The Christian and Slavery to Sin


I received a question regarding the possibility of a Christian being enslaved to sin. I thought I would briefly address it here for others who wonder this too. 

The Christian has been given victory over the inability not to sin.  Prior to the Fall, man was able not to sin. He did not know sin and there was no sin in the world. He was given the option to obey or disobey as is evident from God's command to Adam to not eat of the tree in the center of the garden (Gen 2). God did not make it impossible for Adam to sin; He gave him the command not to and left it up to him to obey.  

God, in His omniscience knew what Adam would choose when Eve tempted him to eat, and He knew the answers to the questions of accountability and culpability He asked Adam as he and Eve hid in the bushes (Gen 3).  

When Adam ate the fruit and disobeyed God sin entered the world and Adam changed. He changed from a person who was able not to sin to a person who was not able not to sin. In other words, sinning became the normal state of being for the human race. 

Therefore, just as through one man sin entered into the world, and death through sin, and so death spread to all men, because all sinned-- Romans 5:12

When a person is regenerated (born again) they are once again able not to sin.  As Christians, we have the choice to obey or disobey.  Romans 6 tells us that we have been set free from the dominion or the power that sin formerly had over us when we were helpless (Rom. 5:6) and "free from the control of righteousness" (Rom. 6:20). We now have been set free from that control and "have become slaves to righteousness" (Rom. 6:18). 

We are warned in Scripture not to enslave ourselves to the law (see Galatians) that cannot save, or to offer our bodies or minds/hearts as instruments of unrighteousness. 

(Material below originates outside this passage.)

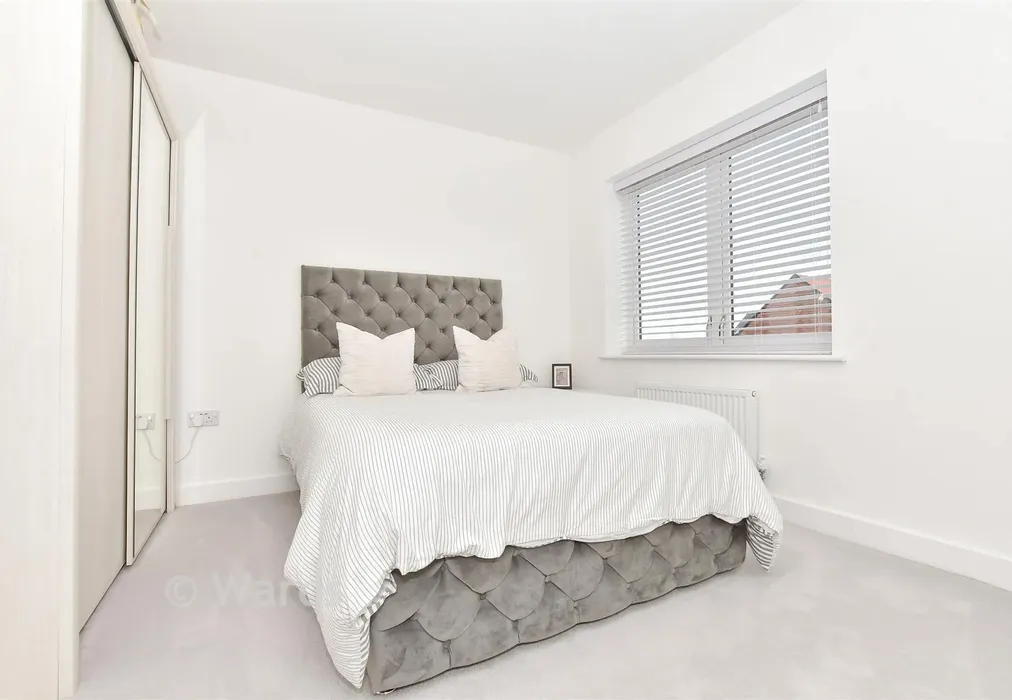 Bedroom 2 - Citronella Road, Chestfield, Whitstable, Kent - Wards of Kent
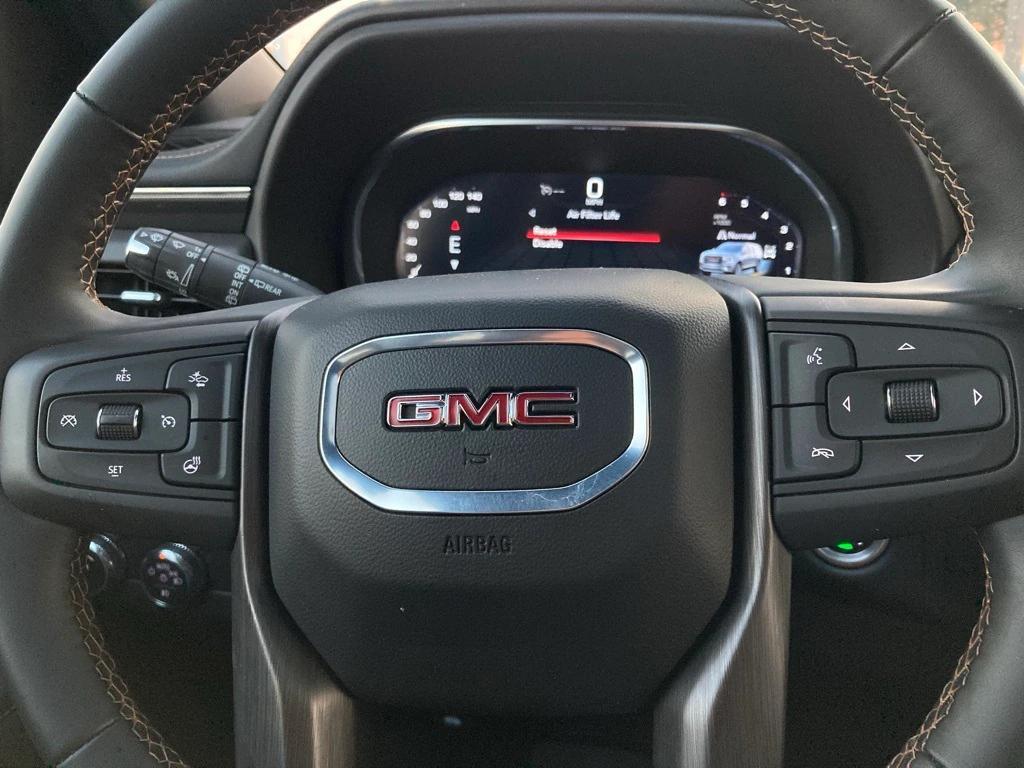 used 2024 GMC Yukon car, priced at $66,981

Don’t you know that when you offer yourselves to someone to obey him as slaves, you are slaves to the one whom you obey—whether you are slaves to sin, which leads to death, or to obedience, which leads to righteousness? But thanks be to God that, though you used to be slaves to sin, you wholeheartedly obeyed the form of teaching to which you were entrusted. You have been set free from sin and have become slaves to righteousness...Just as you used to offer the parts of your body in slavery to impurity and to ever-increasing wickedness, so now offer them in slavery to righteousness leading to holiness. When you were slaves to sin, you were free from the control of righteousness. What benefit did you reap at that time from the things you are now ashamed of? Those things result in death! But now that you have been set free from sin and have become slaves to God, the benefit you reap leads to holiness, and the result is eternal life. Romans 6:16-18, 19-22

Scripture makes it clear to us that as Believers we can still be enslaved to a sin, but it is by choice. I have seen Christians enslave themselves to drugs and alcohol, people pleasing, sex, pornography, spending money, gambling, and many other things. 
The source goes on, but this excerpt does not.